The moral of the story behind The Second World War in Colour could be ‘Always listen to your archivist.’ As long ago as 1991, researcher Adrian Wood, of U.K.-based Trans World International, came up with the idea for a project about World War II consisting entirely of original color footage, but it took until 1998 to convince broadcasters to commit.
During the interim years, Wood kept coming across more and more material from all over the globe through his research for other projects. ‘The first material I was aware of was the American material, subsequently the German material and then the Russian material. And it was knowing that material existed in all of those countries in color, in Britain as well, that [I knew] there was a possibility of doing something.’
By late summer 1998, U.K. broadcaster ITV and the U.S. History Channel came on board, and the TWI/Carlton 3 x 60-minute copro was finally able to get underway. The budget for the series is in the ballpark of US$1.5 million.
‘The series was not conceived to give a definitive history of World War II, because the color material is very subjective about where it was used and in which theaters,’ Wood explains. ‘What we wanted to do was present an overview of the war.’ He and series producer Stewart Binns opted to use 100% archival footage, and to have narrators read original letters and diary excerpts from the period.
By late ’98, Wood says, ‘a group of people were brought together to search out letters and diaries, and then simultaneously we hired specialist film researchers, whom I’d worked with over many years in various places, freelancers who specialized in this kind of area.’ He hired archivists based in Washington, Rome, Paris and Moscow, as well as a team of researchers in London.
Together they searched around 40 sources, though Wood says the primary ones were the U.S. National Archives, the Imperial War Museum in London, the Library of Congress in Washington, D.C., the Bundesarchiv in Berlin and the Russian State Archive for Film and Photo Documents
in Krasnagrosk. Wood went after worldwide distribution on both terrestrial and cable television, as well as home video rights. The average fee came in around US$3,000 per minute.
One of Wood’s treasured finds involves a piece of film he’d come across years ago. ‘Very simply, it was a film that was shot to accompany a dissertation by Eva Justin [a German nurse who helped conduct experiments on Gypsy children during the war],’ explains Wood. ‘Eva Justin’s film sat in the Bundesarchiv for I don’t know how long, and it’s one of the pieces of color film I’ve seen several times.’ He says he had offered the film to producers over the years, but no one had found a way of incorporating into their projects.
The recent discovery of documents linked to the footage made it even more valuable.

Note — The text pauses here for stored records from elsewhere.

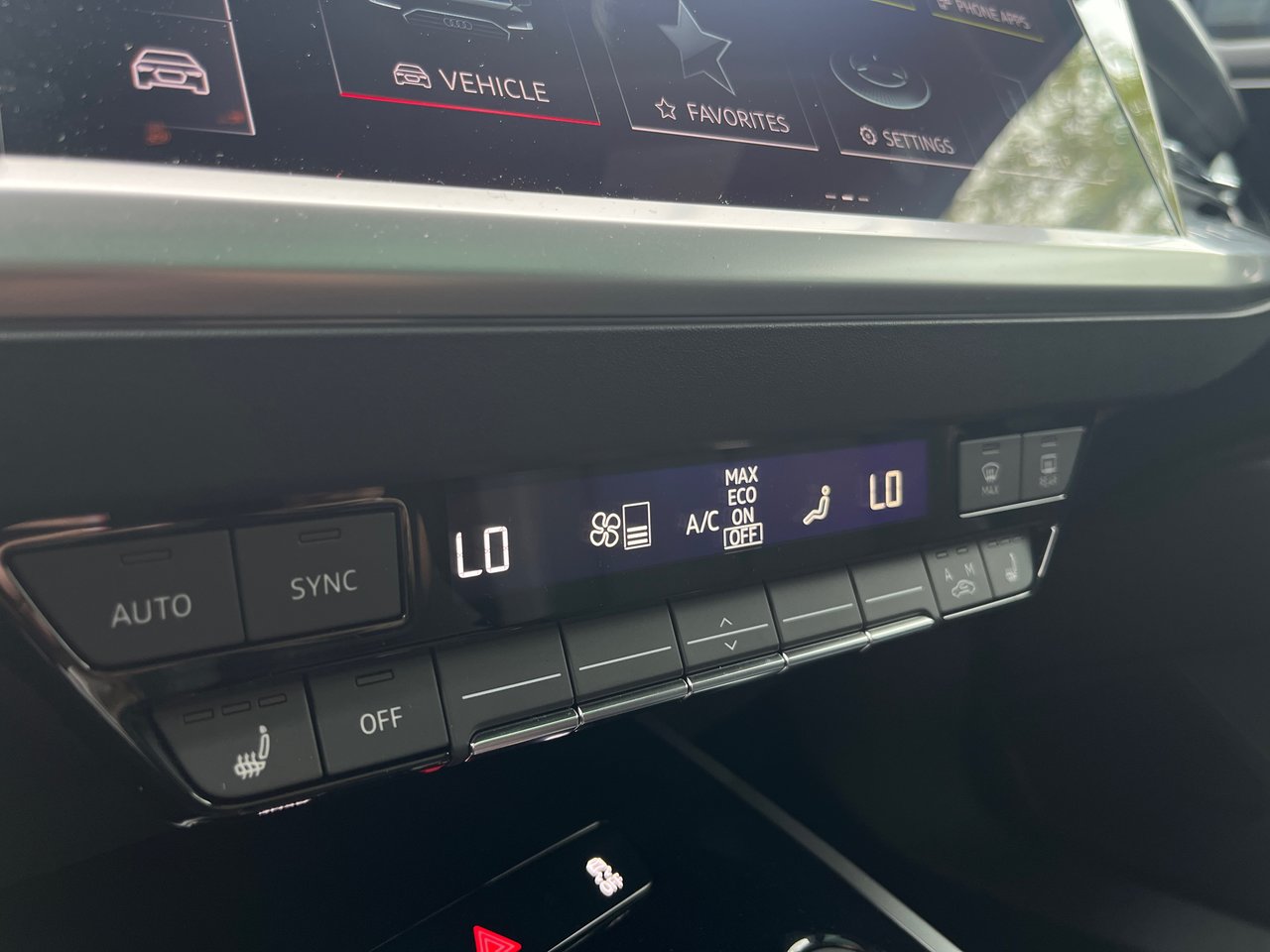 New 2023 Navarra blue metallic Audi 50 quattro image 33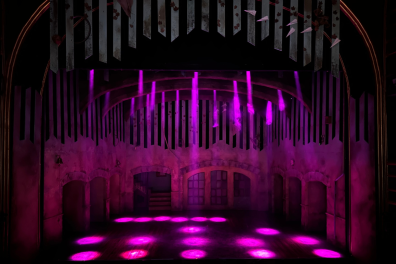 Lighting designer Juanjo Llorens illuminates musical with Cameo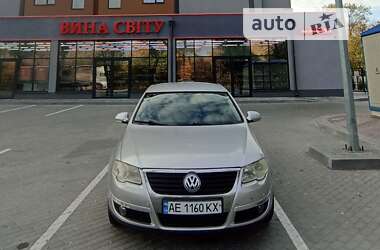 Седан Volkswagen Passat 2007 в Днепре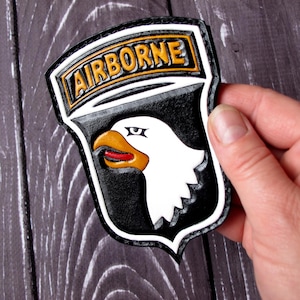 空挺軍用レザーパッチ。ベルクロに縫い付けられたハンドメイドのレザーパッチ。レザーに手作業でエンボス加工されたパッチ。ミリタリーギフトに最適です。受注生産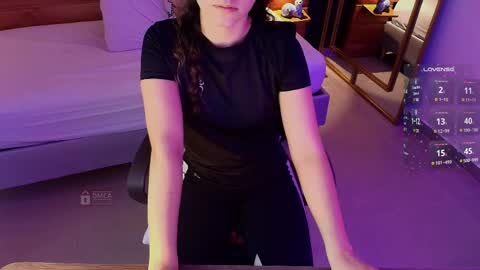 Milena  online show from 04-20-26, 11:13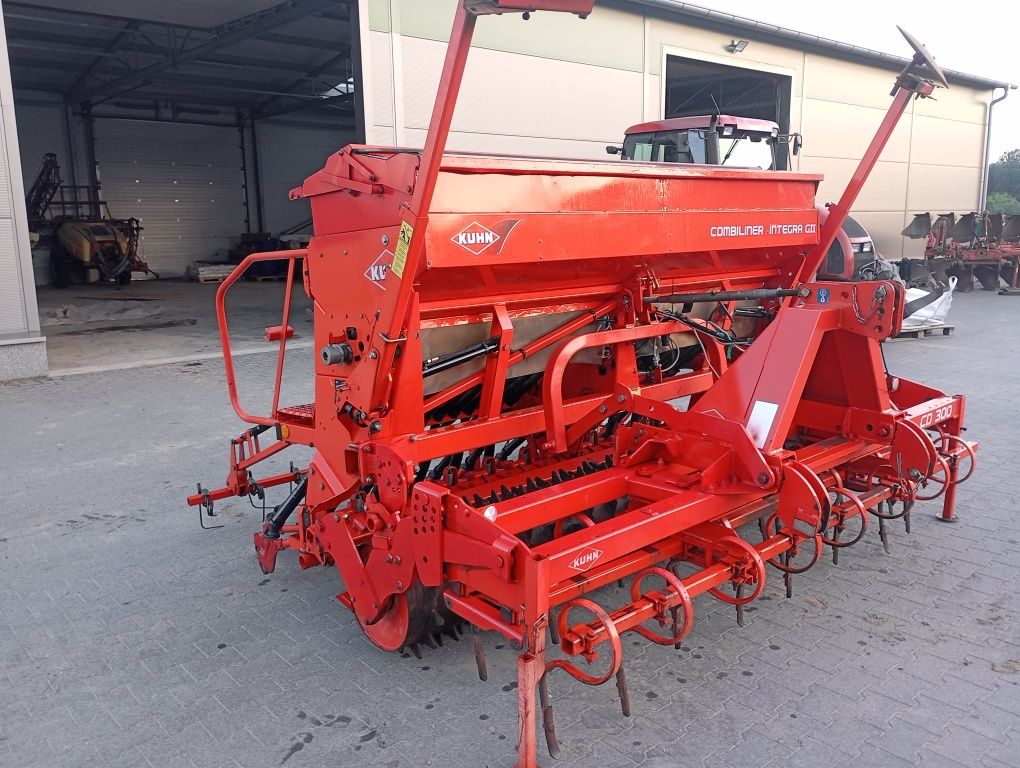 Agregat uprawowo- siewny Kuhn Integra Gll CD 300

Wood’s German researcher, Dunja Noauck, found not only Justin’s dissertation, but the receipt for the children on whom Justin had experimented, after they were transported to Auschwitz. ‘Suddenly this piece of film that has interested me became a much more powerful thing because of the documentation that existed.’
With the help of his researchers, Wood had accumulated enough material for preliminary editing to start in April 1999, and they delivered the series by September.
The Internet proved useful in the hunt for the letters and diaries, but for the footage, human interaction was a must. ‘None of the German material is on the Web, none of the Russian material. The Australian material is up now, but the Imperial War Museum’s isn’t. You still have to go back to the old method of checking through the card indexes and the acquisition documentation, and talking to the people who work there.’